Thursday, March 22, 2012

Beautiful Day

Today is one of those days that makes me LOVE living here in the south. Two weeks ago it was cold and bordering on brown here. It never goes completely bare like up north. We have magnolias and palms, shrubs and tons of winter blooming flowers. But at some point every March, the furnace switch outside gets flipped and the lid goes on the crockpot we call Tallahassee. It is almost like the magician’s trick where he pulls a giant bouquet of flowers from his seemingly empty sleeve. He tugs and POOOOF … there’s a giant ball of color. That is what March is like here. Three weeks ago we remarked on how brown the lawns had all gotten in the neighborhood. Today, I step out onto my porch for a picnic lunch and BAM!!!! It’s GREEN!!!!!

...and yellow. My least favorite part of Tallahassee is also here. The high pollen count advisories seem to lead to migraines.
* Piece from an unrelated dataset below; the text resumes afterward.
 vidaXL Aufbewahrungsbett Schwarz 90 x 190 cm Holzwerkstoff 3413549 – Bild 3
Phooey.

Being outside also reminds me that in the event of a collapse of a banking system, power-grid, or just simply losing a job, life does go on. Nature does her thing and doesn’t pay us humans much never-mind. We can either lead her or follow, but we better get out of her way. That is both comforting to me and gives me perspective. These things I’m worrying about today – that are lending themselves to my migraine and back ache – these things will not matter in 10 years.
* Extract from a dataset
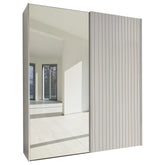 Tulsa Champagne Double Sliding Door Wardrobe with Mirror - Pendle Village Furniture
These things I know: These trying times too shall pass. There will be more trying times in the future, and those too shall pass. Not everything I hold dear will last, but I will work hard to make sure that some of those things I do hold dear will outlast me. I won’t be able to do everything I would like to do, but I can accomplish a lot if I work at it a little bit every day. My family will suffer losses that will feel unbearable, but those too will be borne. My hopes and dreams won’t all come to fruition, but some of them will. I might not be successful even if I try very hard, but I will certainly fail if I don’t try at all. Everything requires perspective. If I truly knew the burdens others were carrying, I wouldn’t be complaining about my problems.

I have a friend that I would call a health freak. She’s very sweet and we have fun hanging out together. She’s also a very good mother. We don’t agree on every parenting issue, but she always considers how her behavior and choices affect her child. However, she’s one of those women that runs regularly, eats only healthy stuff, and complains about not being able to lose that last five pounds. Truly, I see how that is frustrating, but it has never been something that brought me to tears. She told me recently that she had to back off complaining about those things. She said that she was so focused on the negative parts of her life, that she wasn’t enjoying all the positive parts of her life. She said that she had been crying in front of her son about something so small and the look on his face and his anxious reaction to her tears just broke her heart.

It breaks my heart that her son had to see that. I also know that if that is the one and only time he sees his mom melt down over something cosmetic, it won’t matter to him in the long run. HOWEVER, if he sees his mom melting down over small stuff all the time? Well, that can change a kid.

The story my friend told bothered me enough that I sat down and had a talk with my daughter about weight and body perception. She knows the dangers of obesity. Her father (we’re divorced) is overweight and she watches Biggest Loser and Dr. Oz’s show on Discovery. She’s also smart as a whip - that one. She knows her father is shortening his life by his eating choices. So I asked her if she was happy with her body. She said she felt too fat. I was shocked that my thin athletic daughter would feel fat!! REALLY?! So I asked if something I said made her feel that way. I had kinda gotten that feeling by how she was looking at me. My heart broke when she confessed that, yes, something I said did hurt her feelings about her weight. I had told her that she was getting too big in frustration the other day. She wears an adult women’s size 7. She’s 9 years old. She goes through shoes at least once a month. Last month I had comforted myself with the fact that at a size 6.5, her feet couldn’t possibly get much bigger. So, that day I was a little frustrated that she outgrew all her jeans over the course of the winter, at least four sets of shoes and boots and now wears my shirts out of my closet. I never thought that my careless comment would have hurt her feelings.

I felt bad for a little while. I need to watch what I say more carefully. She deserves that. On the other hand, like I said above, as long as this is an isolated incident this won’t affect her much. If I grouched about her weight everyday then maybe I would worry about creating body image issues. But I don’t, so I hope she won’t. However, it did teach me a lesson in watching my tongue and taking time to ask and listen.

Enough philosophizing today. I’m done working for my employer for the day. I’m going outside to work for myself for a while.